Nicht inhalieren. Eine Zigarre wird in den Mund gezogen und wieder abgegeben, nicht in die Lunge gesogen. Wenn Sie mehr aus dem Rauch holen wollen, ohne zu inhalieren, ist dafür das Retrohalieren da – aber das ist eine eigene Fertigkeit, unabhängig davon, das Anzünden richtig hinzubekommen.

Was, wenn sie ausgeht und ich sie neu anzünden muss?

Klopfen Sie zunächst lose Asche ab und behandeln Sie das Wiederanzünden dann fast wie das erste Anzünden: den Fuß erneut erwärmen, bevor Sie die Flamme direkt heranführen, statt einen kalten, aschigen Fuß gleich ins Feuer zu halten. Eine Zigarre, die ausgegangen und einige Minuten abgekühlt ist, schmeckt beim Wiederanzünden etwas anders, in den ersten paar Zügen bitterer – das ist normal und kein Zeichen dafür, dass etwas nicht stimmt. Das Wiederanzünden in Gesellschaft hat seine eigene stille Etikette bezüglich Zeitpunkt und Ort; sie steht in Etikette-Fehler, die auch erfahrene Zigarrenraucher machen.

Was sind die häufigsten Fehler in dieser Phase?

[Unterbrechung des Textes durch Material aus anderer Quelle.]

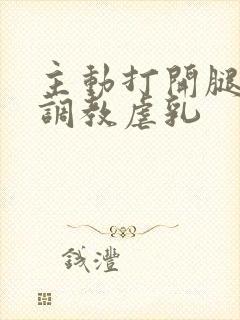 主动打开腿惩罚调教虐乳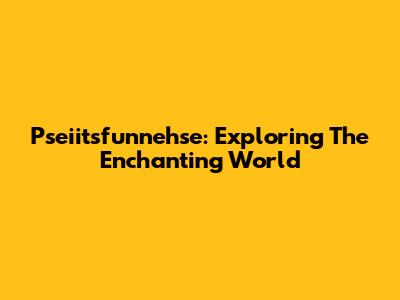 Pseiitsfunnehse: Exploring The Enchanting World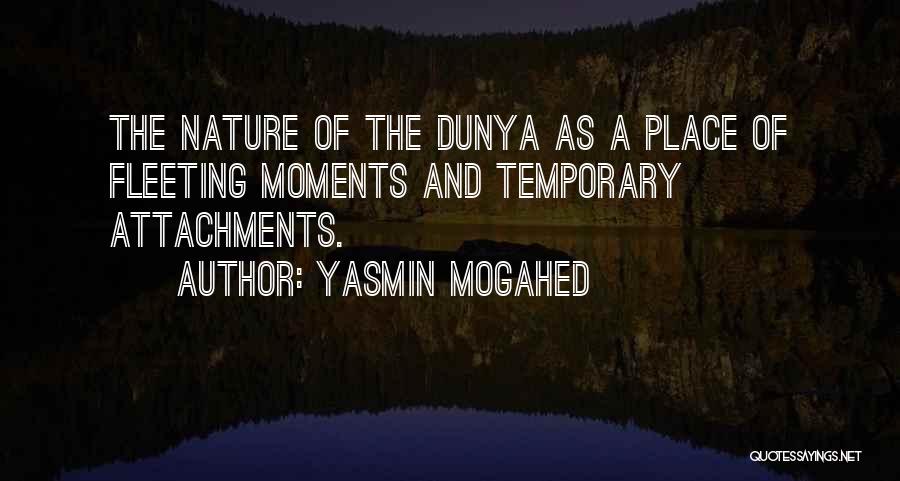 Yasmin Mogahed Quotes: The Nature Of The Dunya As A Place Of Fleeting Moments And Temporary Attachments.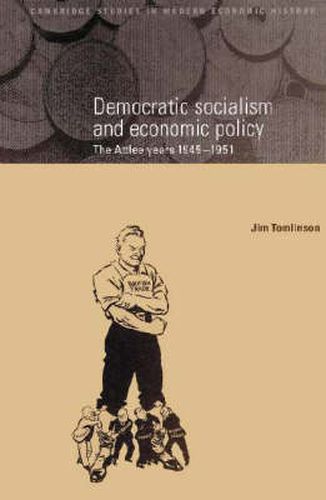 Cover image for Democratic Socialism and Economic Policy: The Attlee Years, 1945-1951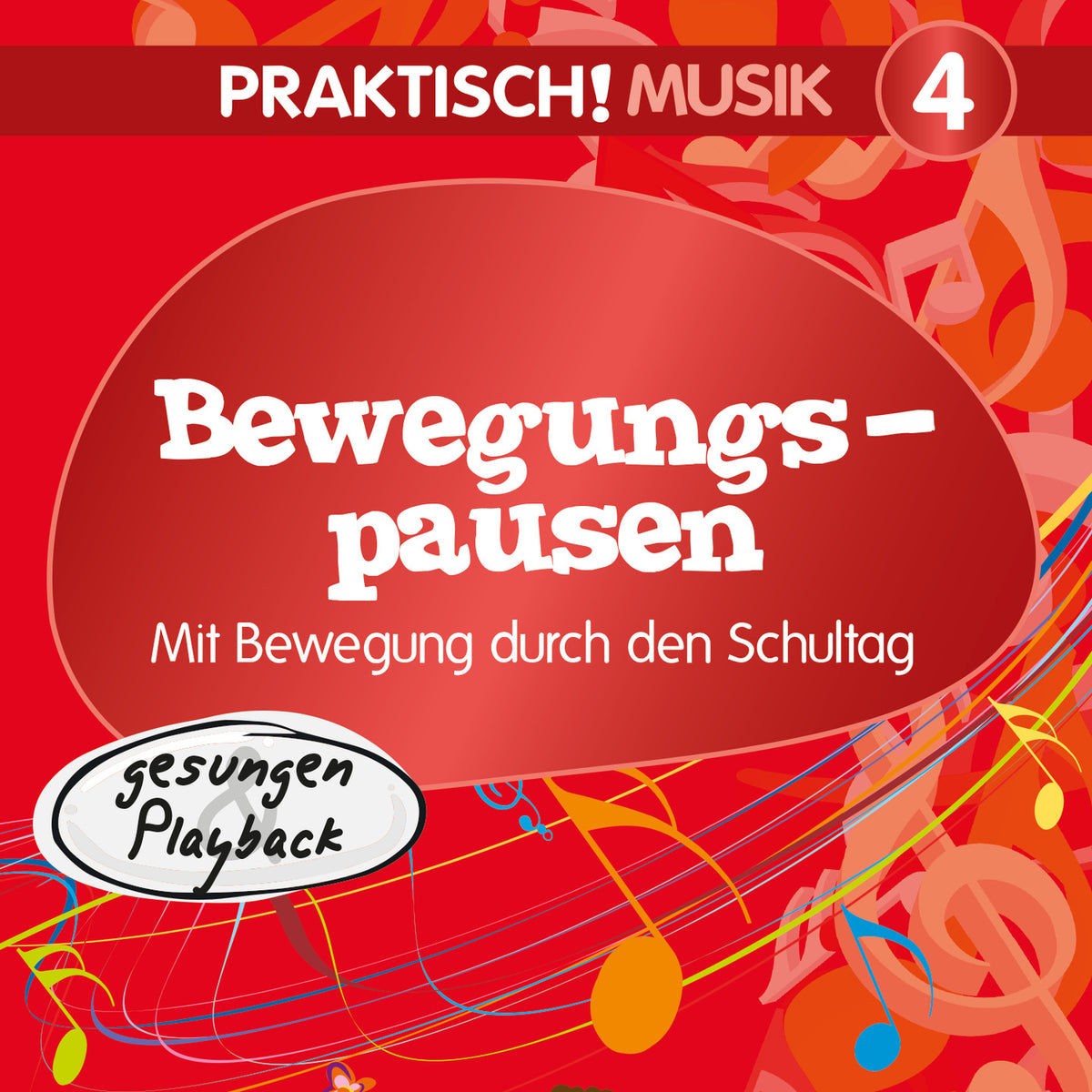 Bewegungspausen – Praktisch! Musik 4 (Gesungen & Playback)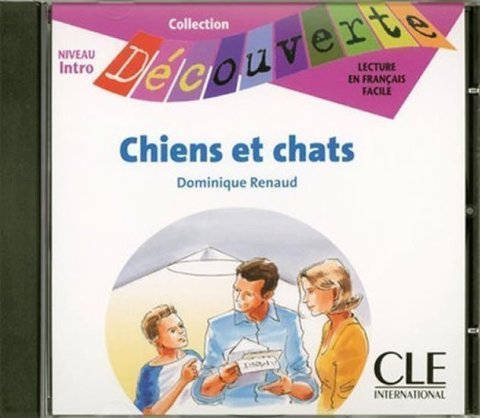Renaud Dominique: Découverte 0 Adolescents: Chiens et chats - CD audio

Fehler Was er verursacht Abhilfe
In die Schulter statt in den Deckel schneiden Das Deckblatt beginnt sich beim Rauchen zu lösen Höher schneiden, oberhalb der Wölbung, in kleineren Schritten
Die Flamme direkt an den Fuß halten Eine Seite zündet zuerst; ungleichmäßiger, kanuförmiger Abbrand Zuerst rösten, die Flamme knapp unter den Tabak halten
Beim Rösten nicht drehen Dieselbe einseitige Zündung, nur langsamer Die Zigarre die ganze Zeit über drehen, solange sie nahe der Flamme ist
Eine parfümierte oder benzinbetriebene Flamme verwenden Chemischer Geschmack in den ersten Zügen Reines Butan verwenden oder den Schwefel eines Streichholzes zuerst ganz abbrennen lassen
Sie beim ersten Kohlefleck für angezündet erklären Der Zug wirkt in den ersten Minuten schwach oder ungleichmäßig Auf einen vollständigen, gleichmäßigen orangen Ring prüfen, bevor Sie aufhören

Wenn Ihre eigenen Abbrände von Zigarre zu Zigarre schwanken, finden Sie am schnellsten heraus, ob es an Ihnen oder am Tabak liegt, indem Sie notieren, wie Sie jede geschnitten und angezündet haben – zusammen mit Ihrem Eindruck vom Rauch. Ein Muster über ein Dutzend Einträge hinweg ist offensichtlich, wie es die Erinnerung an eine einzelne Zigarre nie sein kann.